- Retno menyoroti penggunaan APBN dalam MBG yang tidak mengikuti mekanisme Perpres No.12 Tahun 2021 tentang Pengadaan Barang/Jasa.
- FSGI juga mencatat, pengalokasian anggaran MBG dilakukan melalui diskresi pemerintah sesuai UU No.30 Tahun 2014.
- Masalah terakhir yang juga paling disorot FSGI ialah dugaan pengalihan anggaran pendidikan 2026 untuk menutup biaya MBG.
Suara.com - Program Makan Bergizi Gratis (MBG) kembali menuai kritik. Bukan hanya karena kasus keracunan massal yang sudah menelan ribuan korban, tetapi juga karena potensi kerugian negara akibat banyaknya makanan tidak termakan siswa hingga terbuang percuma di berbagai sekolah.

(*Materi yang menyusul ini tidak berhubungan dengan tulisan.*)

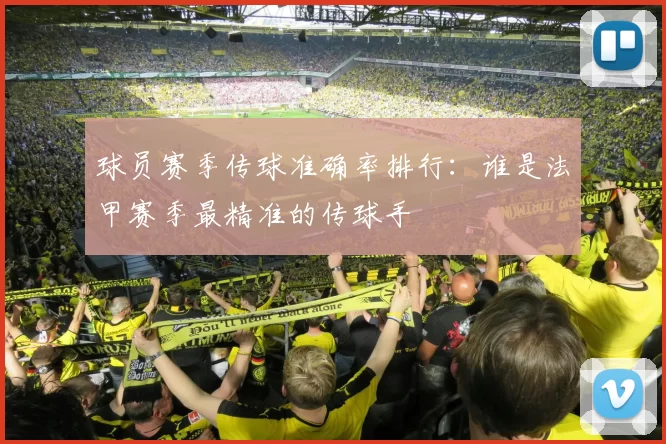 球员赛季传球准确率排行：谁是法甲赛季最精准的传球手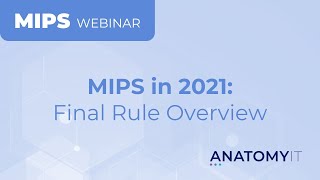 MIPS in 2021: Final Rule Overview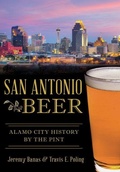 Cover: San Antonio Beer - Arcadia Publishing (SC)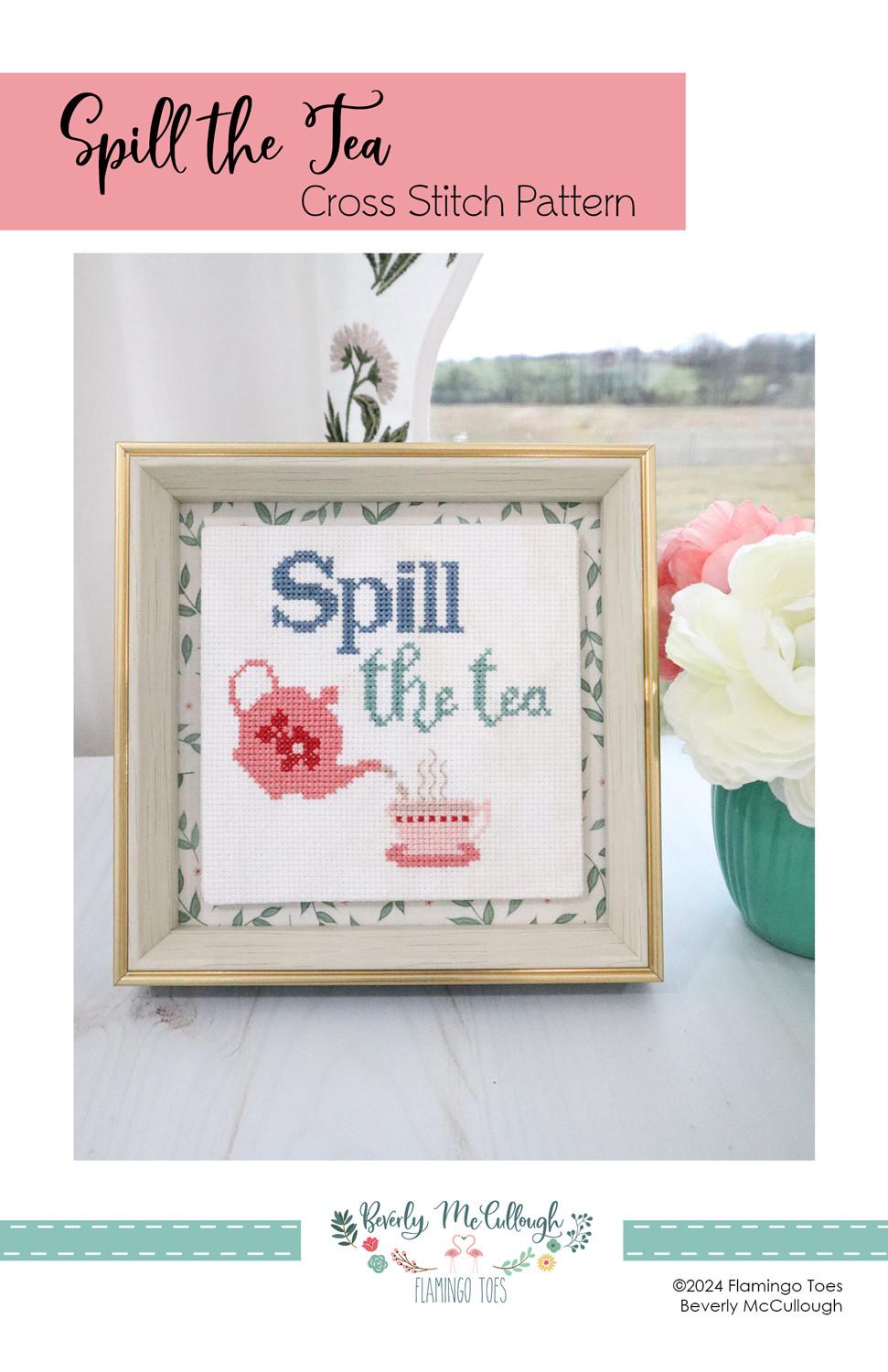 Spill the Tea Cross Stitch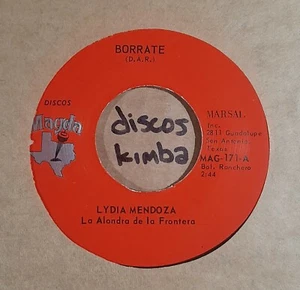 LYDIA MENDOZA - BORRATE - AUNQUE ME HAGAS LLORAR - NEW DISCOS MAGDA MAG 171 - Picture 1 of 2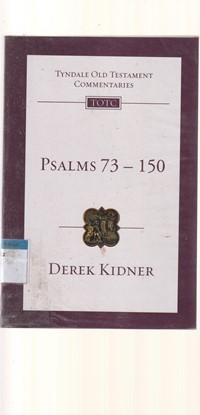 Tyndale old testament commentaries: Psalms 73-150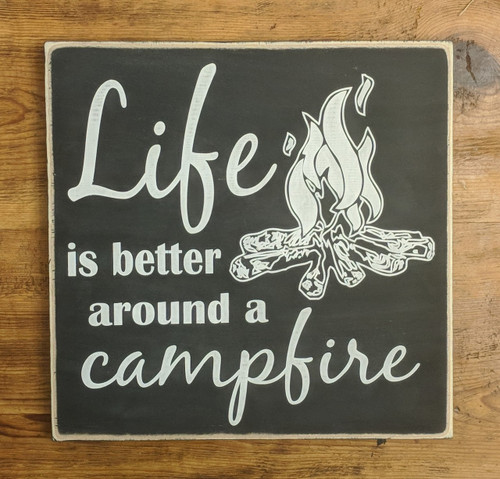 Life is better around a Campfire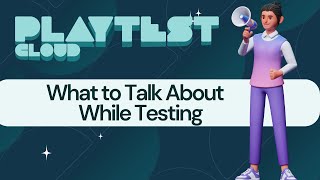 What to Talk About While Playtesting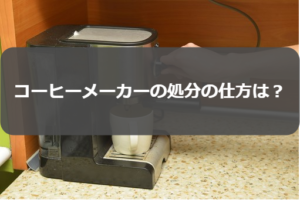 コーヒーメーカーの捨て方|処分するのに何ゴミに分別?粗大ごみ?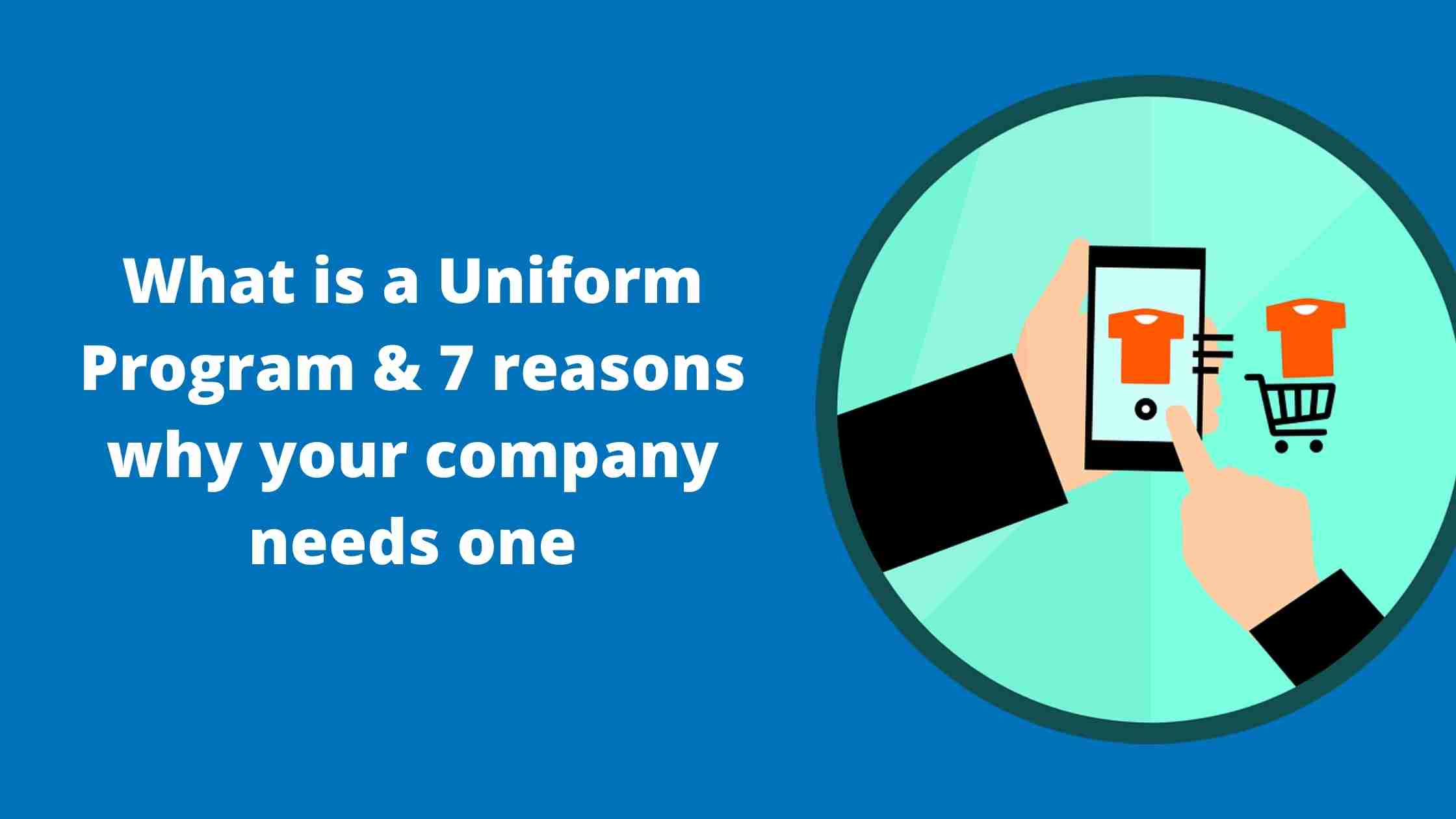 7 reasons why your company needs a Uniform Program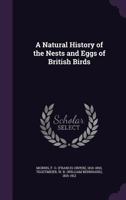 A Natural History of the Nests and Eggs of British Birds 1016474253 Book Cover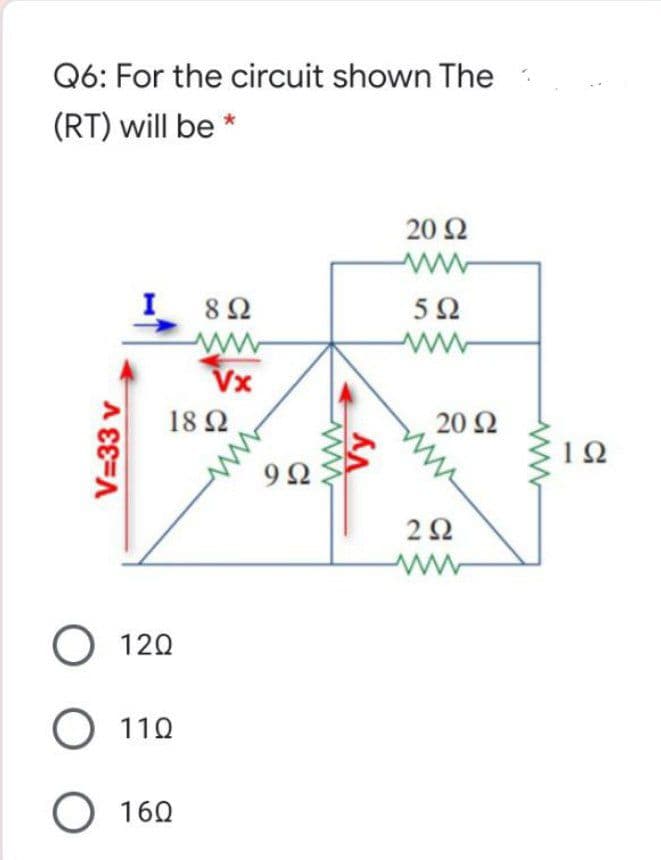 Q6: For the circuit shown The
(RT) will be *
20 Ω
ww
8 2
Vx
18 Ω
20 Ω
2Ω
ww
O 120
O 110
O 160
V=33 v
Vy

Ketua Dewan Pakar Federasi Serikat Guru Indonesia (FSGI), Retno Listyarti, menyebut, persoalan MBG semakin kompleks.
Selain anggaran jumbo yang belum terserap maksimal hingga September 2025, FSGI mencatat sejumlah masalah fundamental dalam pelaksanaan program tersebut.
“Masalah MBG bisa dipetakan dalam empat hal, mulai dari cara pandang yang berbeda, politik dapur MBG, kepemimpinan di BGN, hingga ketiadaan regulasi khusus seperti Perpres,” kata Retno dalam keterangan tertulis, Kamis (2/10/2025).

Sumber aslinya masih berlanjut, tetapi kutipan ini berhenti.